I arrived back in Bangui last Tuesday night after a fourteen-hour drive down the rutted dirt roads from Ndele. Thursday morning my cell phone's chirpy T-Mobile ring woke me: had I heard that Ndele was under siege? I immediately starting ringing up friends there to see if they were OK and find out more about what was happening. The Sisters sounded tired to the point of being unable to even talk – due, I surmised, not just to the attack itself but also to the fatigue of living twelve years in a place, hoping to see it progress, and being so often let down. The NGO workers were tensely waiting in their compounds and rightly jealous of their dwindling cell phone batteries. And Al-Habib, my fruit buyer/hustling-merchant/friend, was curious and headed out to see things up close.

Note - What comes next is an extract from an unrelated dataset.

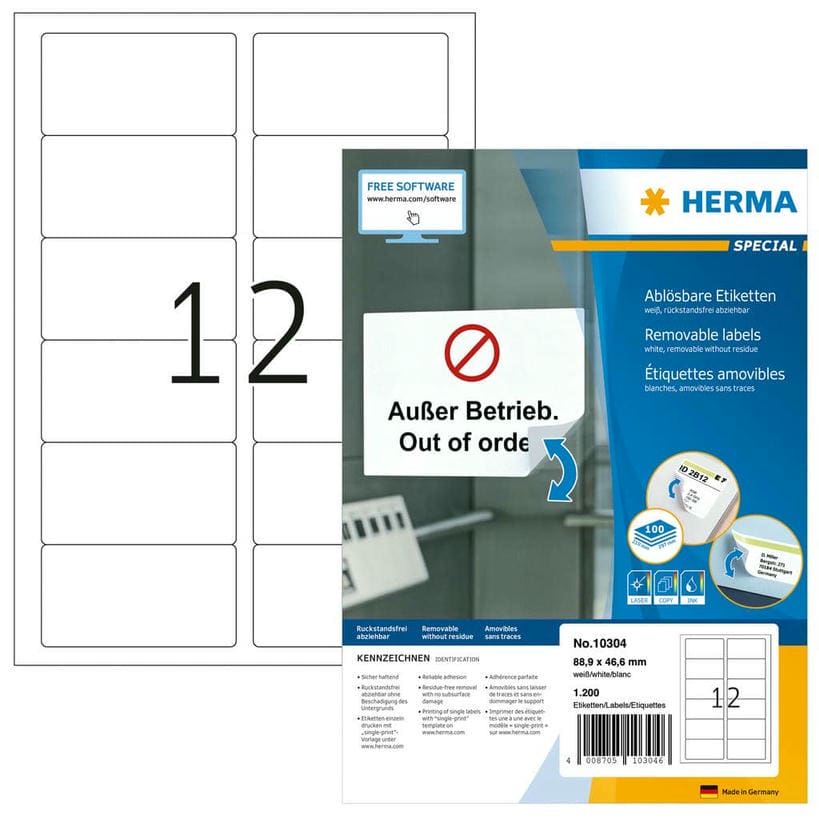 Ablösbare Etiketten – 88,9 x 46,6 mm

The attack was over by the end of the day. The rebels – for it was members of the rebel group that controls the road north from Ndele who had attacked – left, carrying their 26 wounded and two prisoner gendarmes with them. Reinforcements from the Central African armed forces (FACA) arrived the following day. They abused a few people (and killed two wounded rebels) but avoided the large-scale exactions for which they have become notorious. Entry and exit to the town remains closely guarded, and the market stopped functioning for quite a few days as much of the population had fled into the bush.

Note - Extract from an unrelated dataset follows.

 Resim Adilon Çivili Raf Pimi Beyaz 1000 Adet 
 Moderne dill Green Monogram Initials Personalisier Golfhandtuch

Can I admit to a strange mix of feelings about hearing of all this from the safety of Bangui? My first reaction was relief that I had made it out before all this came to pass. My second approached guilt – I should be there experiencing it all, too, rather than ensconced in the comparative luxury of the capital, with its (occasional) hot water and cafes. After all, the danger was likely minimal for people who stayed in their homes, more or less out of harm's way. As an anthropologist, I'm supposed to live close to the population and and not erect a protective bubble between myself and the hardships they face. But studying an area home to violent conflict makes that more difficult because, quite frankly, when it comes down to it, I value my life more highly than my research. Unlike in the calculations of altruists like Zell Kravinsky, who argued that the risk of complications in his donation of a healthy kidney (which his wife opposed) was far outweighed by the benefit to the recipient, there would likely be little direct benefit to people in Ndele as a result of me “being there” alongside them as the bullets flew.

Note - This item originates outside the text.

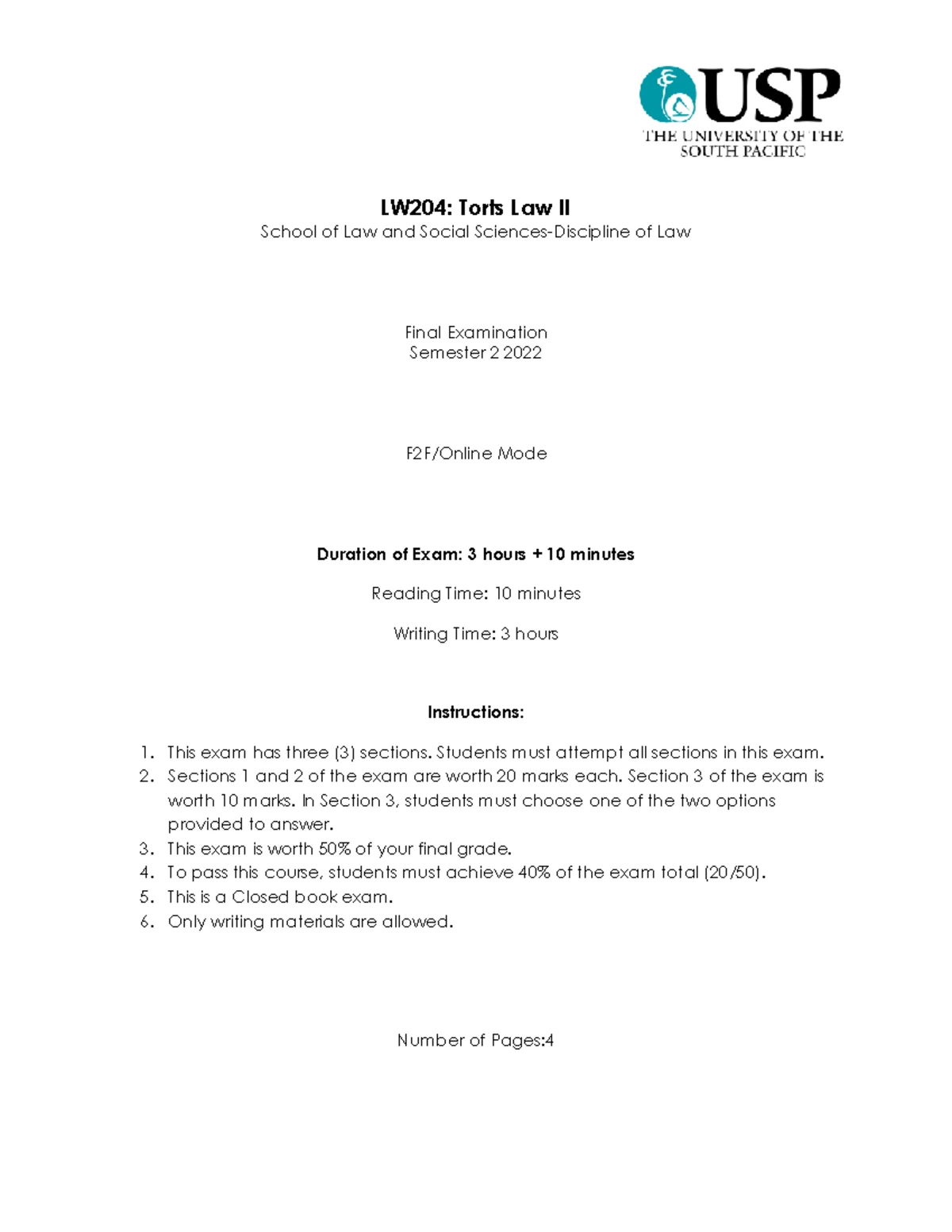 LW204 Final Exam Paper - Torts II - Semester 2 2023 - Studocu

Tomorrow I head out again: to the far southeast, site of LRA attacks for the past couple of years, if all goes as planned (still awaiting final confirmation of our departure). We will go to Obo, the last town before the Sudanese border, where the president will alight on Thursday for the Journée Mondiale de l'Alimentation et de la Femme Rurale (World Food and Rural Women Day). Each year, the president picks some far-off, neglected corner of his realm to visit for World Food Day. The road is repaired for the occasion (the road to Ndele benefited from this treatment two years ago), and the president gives a speech reminding people of the state in which they live. I imagine that food is distributed as well. (Time and again here, people have illustrated avowals of the virtue of a leader through reference to the food he hands out. The World Food Programme, however, is generally seen as stingy – haven't quite figured that out yet.)
On the way, we will pass through Bangassou, Zemio, and Rafai, all formerly sites of sultanates who were employed by concessionary companies in the early 20th century. The majority of the population is Azande – I'm hoping I'll be able to thumb through my E.E. Evans-Pritchard as we bump along the roads.